YOUR FIRST DECISION as a viewer comes less than five minutes into Bandersnatch, as game developer Stephan (Fionn Whitehead) sits down at the breakfast table with his widowed father. Nothing life or death here; it’s just a matter of what cereal you want to eat. Regardless of whether you choose Sugar Puffs or Frosties, though, it accomplishes a couple of very important things, both for the very first time.
The first is conditioning you to actually make a choice—something gamers might be used to, but has never been something our screen-based stories have asked us to do. In Engelbrecht’s parlance, traditional television is a "lean back" enterprise, and Netflix’s interactive plans are a "lean forward" alternative. Before you watch Bandersnatch, the interactivity of which is signaled by a new little starburst-like symbol on its description in the app, you’ll be treated to a short tutorial. (Yes, like a videogame.) It’s as droll and disorienting as an episode of Black Mirror, thanks to its own little twist, but it establishes the basics: At certain points, as in the kids’ programming, the action will pause and present you with a choice, which you’ll have about 10 seconds to make.

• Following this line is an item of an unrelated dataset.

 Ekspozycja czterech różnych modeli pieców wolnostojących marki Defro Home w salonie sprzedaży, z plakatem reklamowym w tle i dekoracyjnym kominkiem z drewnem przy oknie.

A user encountering the pre-Bandersnatch interactive tutorial on an iPad.ADAM ROSE/NETFLIX
The second thing the cereal choice accomplishes is under Bandersnatch’s hood. It registers your choice via "state tracking," a technology Netflix developed to accomplish exactly what Brooker and Jones were hoping for, and saves it to be deployed later—in this case, when a television set in the background of a scene plays a commercial for the cereal you chose. (Netflix also built a tool called Branch Manager, which takes Twine out of the equation and enables creators to write interactive stories in a standardized way.)From then on, it’s off on your own personal Bandersnatch adventure, in whichever of its 28 languages you’re most comfortable with. There’s a spine of the story that everyone will experience: Stephan working to adapt his dead mother’s beloved choose-your-own-adventure novel into a game. But how he comes to it, and what he experiences along the way, takes any number of digressions and double-backs. (I won’t get into them here, other than to say that not a fourth wall is left standing.)

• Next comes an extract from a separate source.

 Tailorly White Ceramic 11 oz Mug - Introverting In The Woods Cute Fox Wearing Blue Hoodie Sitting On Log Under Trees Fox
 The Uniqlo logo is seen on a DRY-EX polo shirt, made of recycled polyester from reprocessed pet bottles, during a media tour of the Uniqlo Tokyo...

The magic of combinatorial math means that there are technically more than a trillion paths through the story, though in reality the number is much smaller. But "much smaller" is still pretty huge: There are five main endings, with multiple variants of each—though upon reaching an ending, Netflix will also helpfully bring you back to pivotal decision points so that you can ease your FOMO and try the path not traveled. In a visit to Netflix’s headquarters in Los Gatos, California, I had about 75 minutes to make my way through it, and was only able to trigger three endings. Suffice it to say that the Branch Manager visualization of Bandersnatch looks a little bit like Davy Jones from Pirates of the Caribbean trying to eat an entire bowl of spaghetti at once.